Start of AVAILABLE DATA

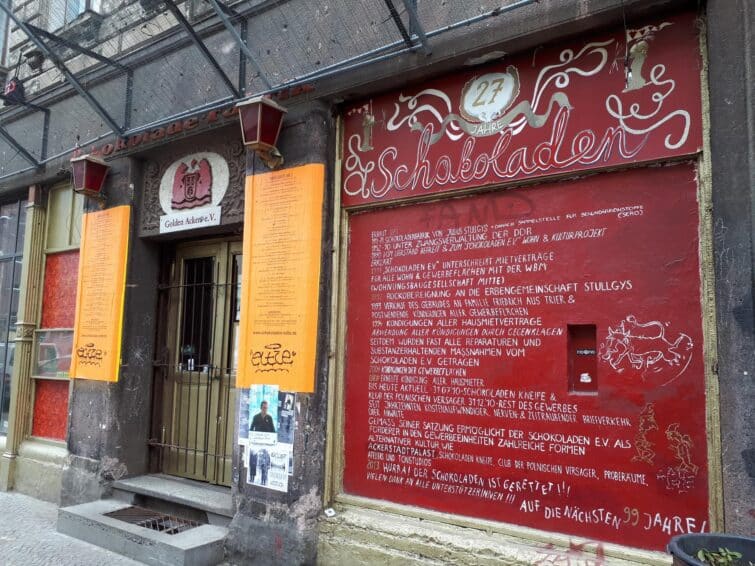 Façade du café Schokoladen à Berlin avec des gens assis à l'extérieur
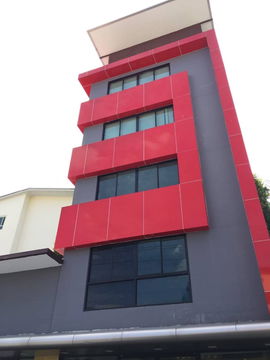 For sale: Office building, Pracharat Bamphen 5, Huai Khwang, Bangkok, Price 21,500,000 baht, 5 floors,do
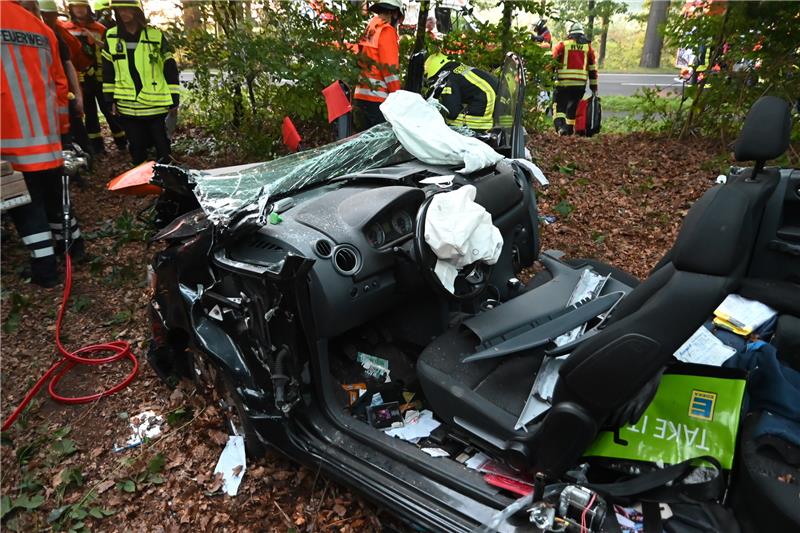 Beim Überholen überschätzt: 63-Jähriger aus diesem Wrack schwer verletzt geborgen Dieses Unfallwrack war mal ein Mitsubishi-Kleinwagen. Die Feuerwehr befreite den 63-Jährigen mit schwerem Gerät. Foto: Polizei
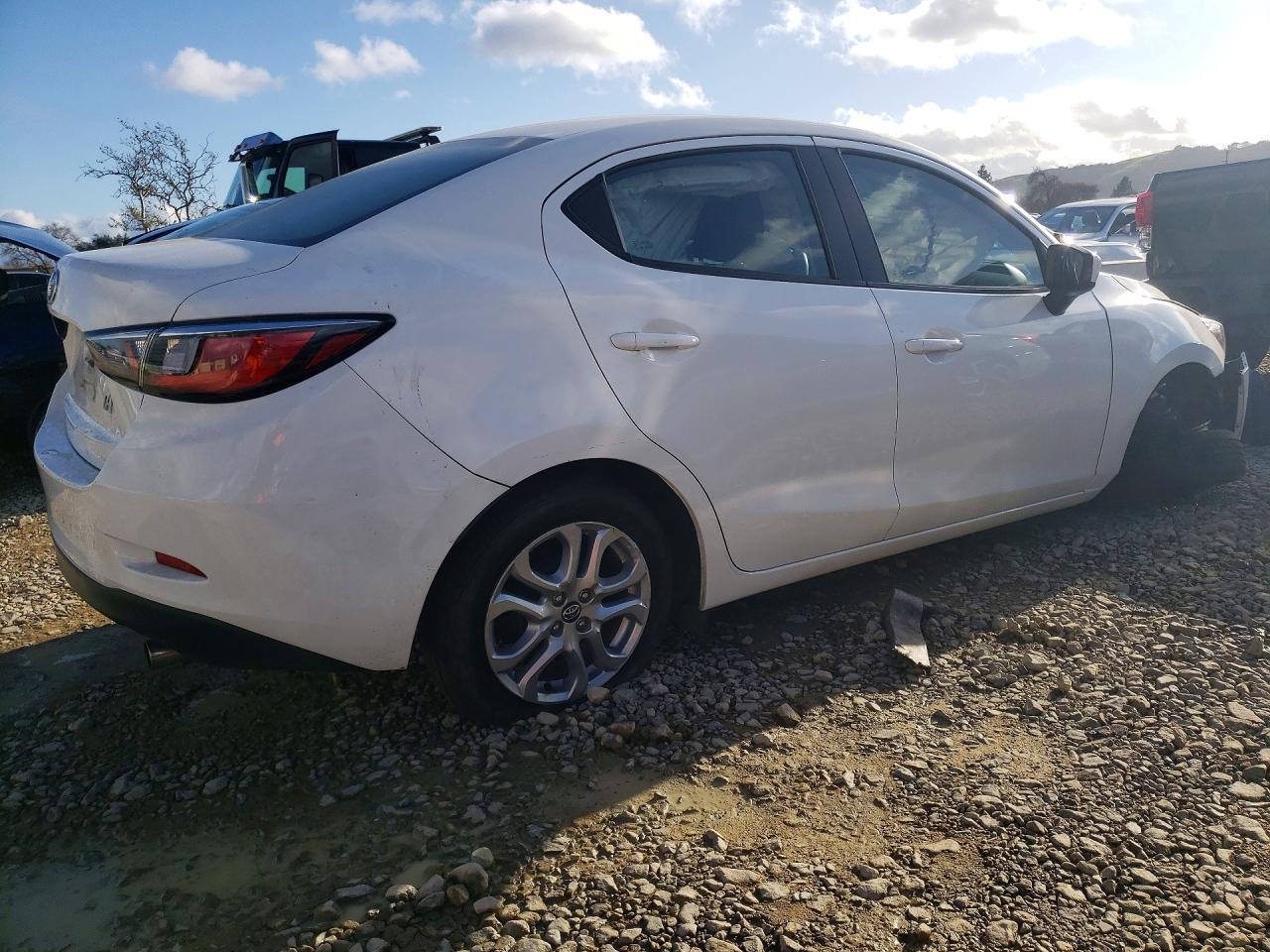 2017 TOYOTA YARIS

End of AVAILABLE DATA

▸ YOUR GOAL: Your reply should give again exactly the lines from the one with "Beim Überholen überschätzt: 63-Jähriger" through the last line of the data, with both ends included and pictures left out.

▸ FINISHED EXERCISE:
 Beim Überholen überschätzt: 63-Jähriger aus diesem Wrack schwer verletzt geborgen Dieses Unfallwrack war mal ein Mitsubishi-Kleinwagen. Die Feuerwehr befreite den 63-Jährigen mit schwerem Gerät. Foto: Polizei
 2017 TOYOTA YARIS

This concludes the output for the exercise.